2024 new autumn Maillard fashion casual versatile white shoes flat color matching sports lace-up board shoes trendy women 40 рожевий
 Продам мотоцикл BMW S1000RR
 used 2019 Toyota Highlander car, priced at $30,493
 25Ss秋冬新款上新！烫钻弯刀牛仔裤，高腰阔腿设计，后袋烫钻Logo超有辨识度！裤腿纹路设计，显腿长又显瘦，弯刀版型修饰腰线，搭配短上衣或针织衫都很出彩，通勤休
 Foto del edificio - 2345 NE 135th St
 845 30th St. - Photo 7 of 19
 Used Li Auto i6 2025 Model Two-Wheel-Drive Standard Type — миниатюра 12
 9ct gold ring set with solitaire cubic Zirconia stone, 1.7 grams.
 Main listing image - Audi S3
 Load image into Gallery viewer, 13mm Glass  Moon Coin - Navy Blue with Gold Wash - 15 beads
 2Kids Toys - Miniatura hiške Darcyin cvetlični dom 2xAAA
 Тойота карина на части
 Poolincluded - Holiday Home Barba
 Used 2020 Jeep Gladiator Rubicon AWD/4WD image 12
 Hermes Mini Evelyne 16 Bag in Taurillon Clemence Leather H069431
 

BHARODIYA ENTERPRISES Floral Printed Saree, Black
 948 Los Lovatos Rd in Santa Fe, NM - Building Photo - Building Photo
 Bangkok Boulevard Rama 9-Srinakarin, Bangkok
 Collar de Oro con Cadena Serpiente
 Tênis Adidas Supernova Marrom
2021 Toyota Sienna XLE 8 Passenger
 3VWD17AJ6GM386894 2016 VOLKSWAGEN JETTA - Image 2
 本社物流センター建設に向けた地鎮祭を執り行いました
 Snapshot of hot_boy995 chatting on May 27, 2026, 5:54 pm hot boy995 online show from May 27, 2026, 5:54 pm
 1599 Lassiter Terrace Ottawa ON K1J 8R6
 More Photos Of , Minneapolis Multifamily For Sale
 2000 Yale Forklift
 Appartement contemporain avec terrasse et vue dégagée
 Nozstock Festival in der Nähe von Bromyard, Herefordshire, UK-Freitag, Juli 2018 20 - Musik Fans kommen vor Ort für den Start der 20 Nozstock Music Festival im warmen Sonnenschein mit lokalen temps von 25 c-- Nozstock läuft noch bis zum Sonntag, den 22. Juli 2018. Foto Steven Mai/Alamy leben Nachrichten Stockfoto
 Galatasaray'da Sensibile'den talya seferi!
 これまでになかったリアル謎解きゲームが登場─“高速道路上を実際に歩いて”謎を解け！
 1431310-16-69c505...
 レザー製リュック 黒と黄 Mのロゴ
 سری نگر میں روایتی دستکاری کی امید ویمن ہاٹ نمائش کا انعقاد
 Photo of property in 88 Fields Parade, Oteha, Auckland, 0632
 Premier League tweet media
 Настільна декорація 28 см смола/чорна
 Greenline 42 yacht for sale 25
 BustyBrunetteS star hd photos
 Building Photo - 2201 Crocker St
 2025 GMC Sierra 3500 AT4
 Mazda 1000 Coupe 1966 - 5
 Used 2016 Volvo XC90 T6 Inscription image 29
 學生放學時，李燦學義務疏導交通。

※

Aim of the exercise: Which lines run from the one holding "Foto del edificio - 2345 NE 135th St" through the end of the data? Write them out exactly, ends included, and add nothing.

Solution to this exercise:
 Foto del edificio - 2345 NE 135th St
 845 30th St. - Photo 7 of 19
 Used Li Auto i6 2025 Model Two-Wheel-Drive Standard Type — миниатюра 12
 9ct gold ring set with solitaire cubic Zirconia stone, 1.7 grams.
 Main listing image - Audi S3
 Load image into Gallery viewer, 13mm Glass  Moon Coin - Navy Blue with Gold Wash - 15 beads
 2Kids Toys - Miniatura hiške Darcyin cvetlični dom 2xAAA
 Тойота карина на части
 Poolincluded - Holiday Home Barba
 Used 2020 Jeep Gladiator Rubicon AWD/4WD image 12
 Hermes Mini Evelyne 16 Bag in Taurillon Clemence Leather H069431
 

BHARODIYA ENTERPRISES Floral Printed Saree, Black
 948 Los Lovatos Rd in Santa Fe, NM - Building Photo - Building Photo
 Bangkok Boulevard Rama 9-Srinakarin, Bangkok
 Collar de Oro con Cadena Serpiente
 Tênis Adidas Supernova Marrom
2021 Toyota Sienna XLE 8 Passenger
 3VWD17AJ6GM386894 2016 VOLKSWAGEN JETTA - Image 2
 本社物流センター建設に向けた地鎮祭を執り行いました
 Snapshot of hot_boy995 chatting on May 27, 2026, 5:54 pm hot boy995 online show from May 27, 2026, 5:54 pm
 1599 Lassiter Terrace Ottawa ON K1J 8R6
 More Photos Of , Minneapolis Multifamily For Sale
 2000 Yale Forklift
 Appartement contemporain avec terrasse et vue dégagée
 Nozstock Festival in der Nähe von Bromyard, Herefordshire, UK-Freitag, Juli 2018 20 - Musik Fans kommen vor Ort für den Start der 20 Nozstock Music Festival im warmen Sonnenschein mit lokalen temps von 25 c-- Nozstock läuft noch bis zum Sonntag, den 22. Juli 2018. Foto Steven Mai/Alamy leben Nachrichten Stockfoto
 Galatasaray'da Sensibile'den talya seferi!
 これまでになかったリアル謎解きゲームが登場─“高速道路上を実際に歩いて”謎を解け！
 1431310-16-69c505...
 レザー製リュック 黒と黄 Mのロゴ
 سری نگر میں روایتی دستکاری کی امید ویمن ہاٹ نمائش کا انعقاد
 Photo of property in 88 Fields Parade, Oteha, Auckland, 0632
 Premier League tweet media
 Настільна декорація 28 см смола/чорна
 Greenline 42 yacht for sale 25
 BustyBrunetteS star hd photos
 Building Photo - 2201 Crocker St
 2025 GMC Sierra 3500 AT4
 Mazda 1000 Coupe 1966 - 5
 Used 2016 Volvo XC90 T6 Inscription image 29
 學生放學時，李燦學義務疏導交通。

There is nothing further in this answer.